The Units, in the first phase of the Pegasus Program, have identified, defined, diagrammed and documented their key processes, i.e. those that manage the activities leading to the delivery of the product or service to the user (external to the Unit).
- They are user-oriented and the possibility of meeting the user’s requirements and expectations depends on them.
- They consume most of the organization’s resources.
- Its optimization is decisive for the organization’s competitiveness.
- Contribute to the fulfillment of the mission/vision and the achievement of strategic objectives
The strategic processes (managing the relationship of the organization with the environment, the way in which decisions on planning and improvements are made) correspond to the organization as such. In this case the UPV.
As for the support processes (providing resources and support for key development), these have been left in the hands of each Unit, but following the same methodology and standards as those used in the case of the keys.
Identification of key processes
The Pegasus Units, when approaching the identification of their key processes, have asked themselves the following questions:
- What processes are the Unit’s reason to be?
- Which processes are initiated by the request of one or more users and end with the service to them?
- Which processes consume most of the Unit’s resources (personnel, materials, time, etc.)?
- Which processes have an impact on the Unit’s results or even on the Institution itself?
Elements defining a key Pegasus process
The key Pegasus processes have been characterized on the basis of a series of elements that have allowed their exhaustive definition:
- Process Name: Brief and representative identification of the process task.
- Process Description: Mission or object of the process. Its purpose. Its raison d’être. What it is for.
- Process Manager: Position, position, function (not person) with the capacity to act and who must lead the process to involve and mobilize the actors involved.
- Scope of the process: First and last activity of the process.
- Beginning of the ProcessActivity, usually external to the unit, that initiates the process.
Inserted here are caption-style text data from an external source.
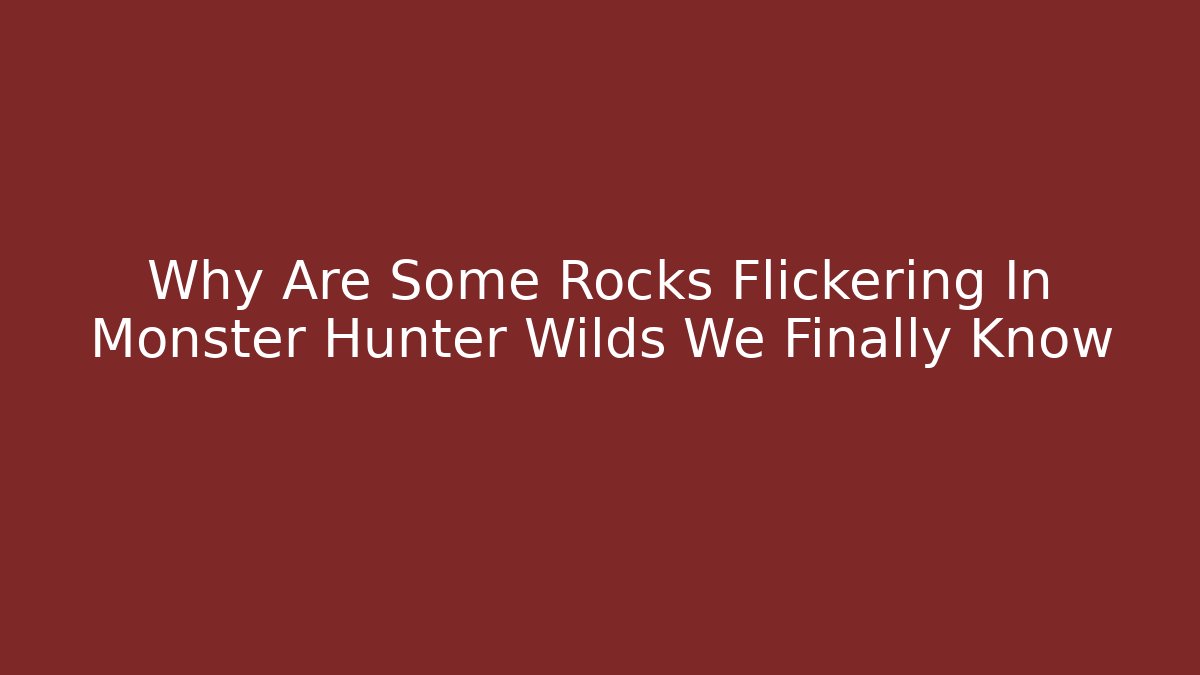 Why Are Some Rocks Flickering In Monster Hunter Wilds We Finally Know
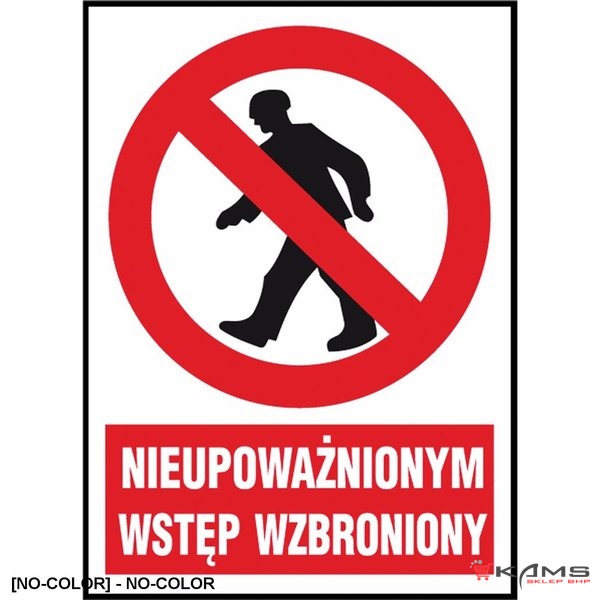 Z-02Z1 - Znak BHP „Nieupoważnionym wstęp wzbroniony” - 220x300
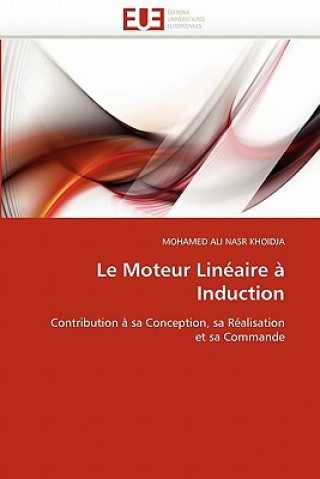 Könyv Le Moteur Lin aire   Induction Mohamed A. Nasr Khoidja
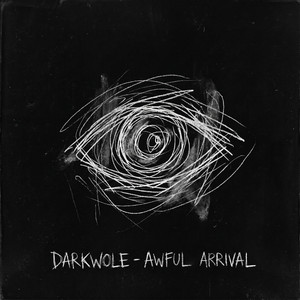 AWFUL ARRIVAL by DARKWOLE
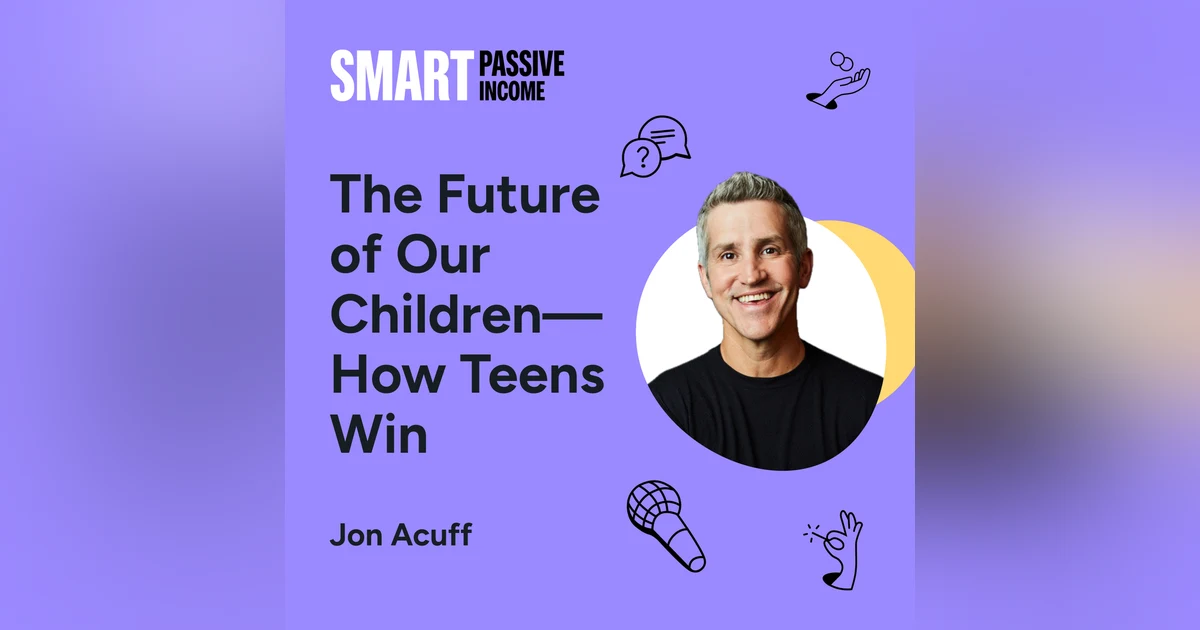 SPI 819: The Future of Our Children—How Teens Win with Jon Acuff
Basically of two types: user request (asynchronous process) and temporary event (synchronous process).
- End of ProcessActivity, usually specific to the Unit, which concludes the process.
- Process UsersThe process is provided by the process and its outputs are received by the demanders of the services provided by the process.
- Internal users:
- Entities: Management Bodies, Centers, Departments, Research Structures, Support Units…
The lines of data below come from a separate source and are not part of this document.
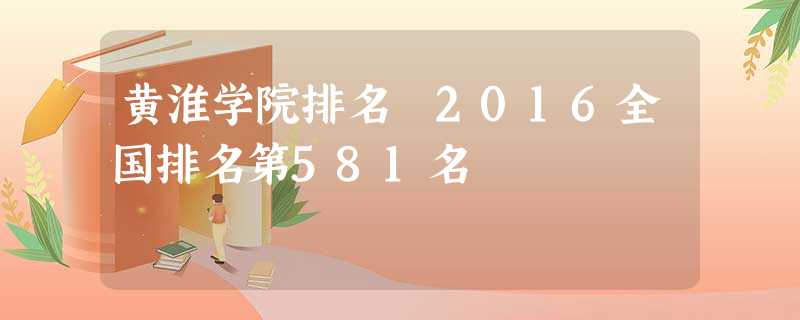 黄淮学院排名 2016全国排名第581名 黄淮学院排名 2016全国排名第581名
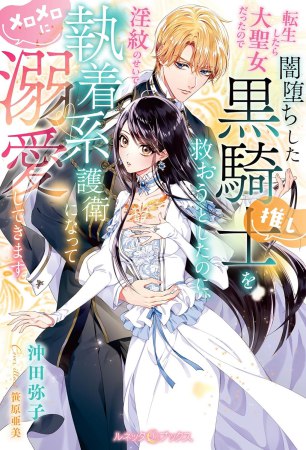 転生したら大聖女だったので闇堕ちした黒騎士（推し）を救おうとしたのに、淫紋のせいで執着系護衛になってメロメロに溺愛してきます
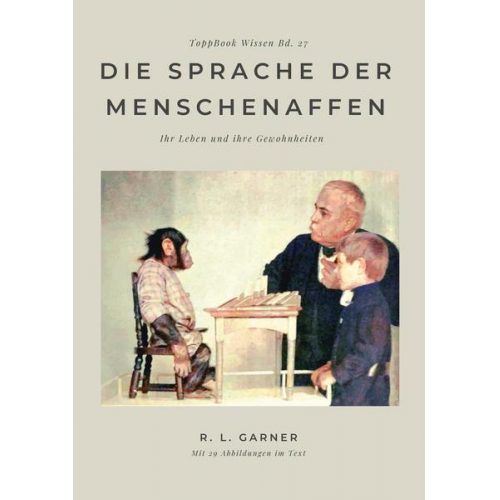 R.L. Garner - Die Sprache der Menschenaffen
- People: PDI, PAS, researchers, scholarship holders.
- External users: students, institutions, companies…
- Internal users:
- Process SuppliersThe process owner unit: they provide the inputs to the process, i.e., services that the process owner unit demands from them.
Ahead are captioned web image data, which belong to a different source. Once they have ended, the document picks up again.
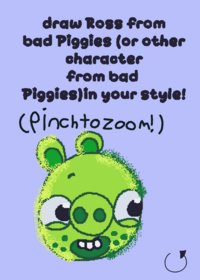 Draw Ross from bad piggies in your style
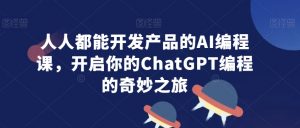 人人都能开发产品的AI编程课，开启你的ChatGPT编程的奇妙之旅-易得个人分享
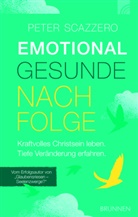 Peter Scazzero, Scazzero  Peter - Emotional gesunde Nachfolge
- User requirements/expectationsRequirements that the specified users demand from the Unit, and their expectations about the expected service.
- Participants in the processPassive subject that does not demand the service (is not a direct user of the service), does not provide inputs to the process (is not one of the suppliers of the process) and is not part of the Unit that owns the process, but that intervenes at some moment or moments during the development of the process.
- General diagram:Sequence of activities that take place from the beginning of the process (demand of the service by the user) to the end of the process (delivery of the service to the user).
- Associated procedures:They collect the precise and systematic way a set of tasks as part of a process.
- Regulations and standards to be met by the process: Identification of the general and specific rules that must be taken into account for the correct development of the actions of a process.
- Associated documentsThe following documents are included in the process: applications, forms, resolutions, etc.
Pegasus key process flowchart
When it comes to diagramming the key processes of the Units, Pegasus has opted for:
- A specialized tool for drawing diagrams such as Microsoft Visio, making use of an adaptation of the BPMN standard (Business Process Modeling Notation) initially developed by Business Process Management Initiative(BPMI) and is currently maintained by the Object Management Group (OMG).
- A self-developed application that, without being an Integral Process Management tool, allows the orderly storage of diagrams, the management of users, suppliers, indicators, etc. and that in the future will allow the monitoring of processes and the establishment of improvement plans.
Stages of implementation
In Pegasus, the following steps have been followed when identifying, defining, diagramming and documenting the key processes of each Unit:
- Basic training in process management and work on the first approach to the key processes of each Unit by the working groups of each of them.
- Working sessions, assisted by a facilitator from outside the Unit, to review the first approximation of the key processes and complete the identification sheet for each one of them. Diagramming of the identified processes and their associated procedures.
- Meta-validation of key processes (analysis of unit-supplier relationships and border conflict resolution).
- Dissemination and review by the total of each Unit of its key processes.
- Institutional validation of each Unit’s key processes manual.
- Publication and dissemination of key processes (Web of each Unit).